In your copy of the data, omit the pictures and keep all else exactly as given.

#### DATASET CONTENT:
┌──

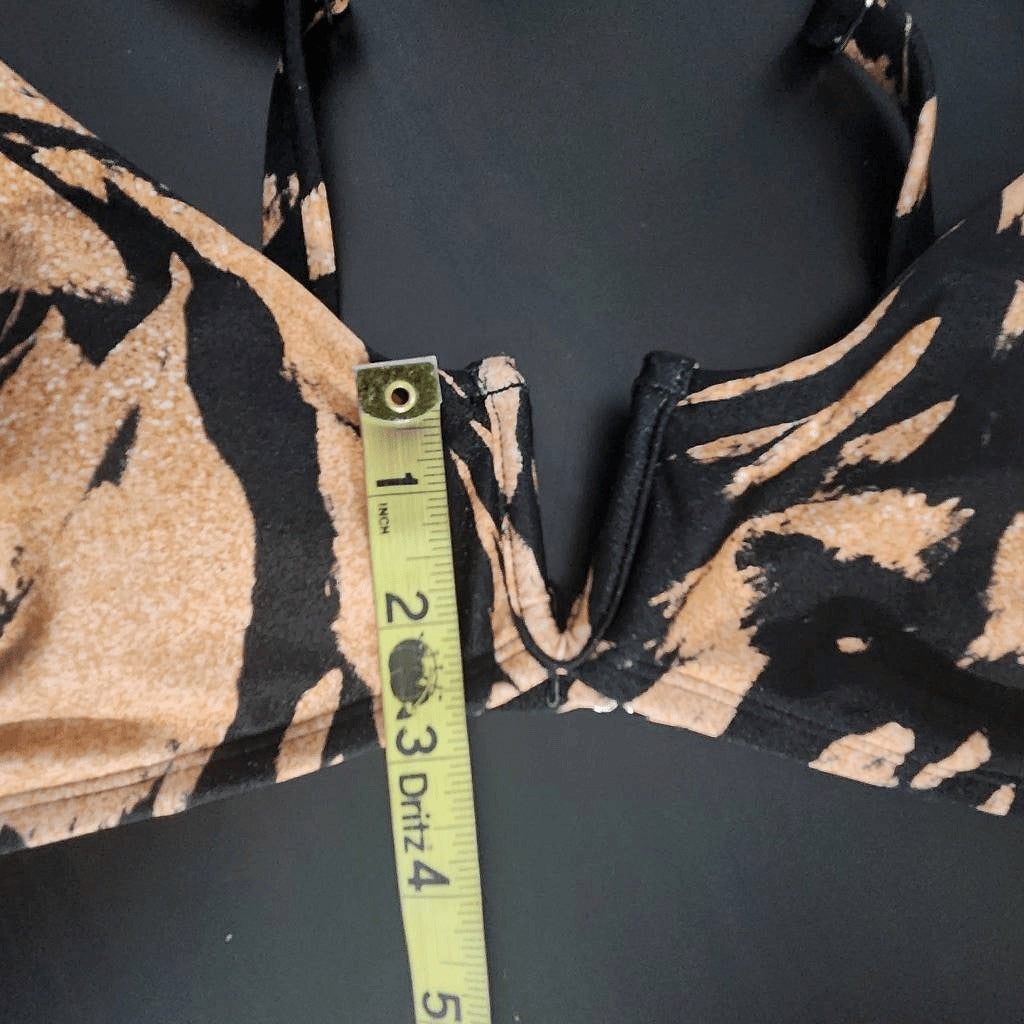 Cupshe Black and Tan print Bikini Top with V-Wire NWT Size Medium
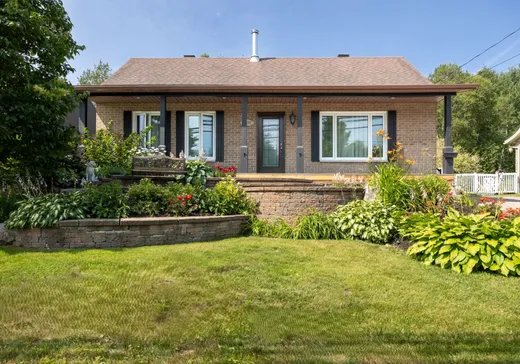 Bungalow for sale - 16163 Ch. de la Grande-Ligne, Deux-Montagnes, G2N1Z8
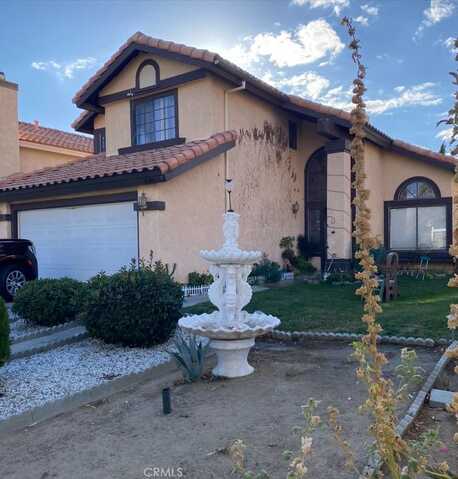 36901 33rd Street E, Palmdale, CA 93550
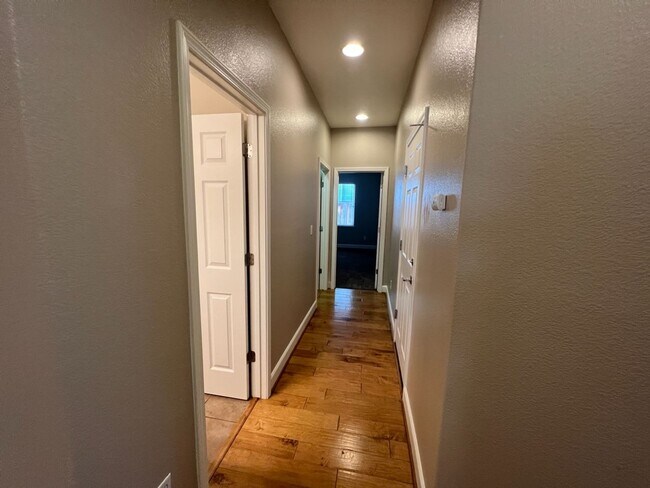 Building Photo - 4 bedroom home with 3 car garage in Patterson!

└──

#### RESPONSE TO THE TASK:
 Cupshe Black and Tan print Bikini Top with V-Wire NWT Size Medium
 Bungalow for sale - 16163 Ch. de la Grande-Ligne, Deux-Montagnes, G2N1Z8
 36901 33rd Street E, Palmdale, CA 93550
 Building Photo - 4 bedroom home with 3 car garage in Patterson!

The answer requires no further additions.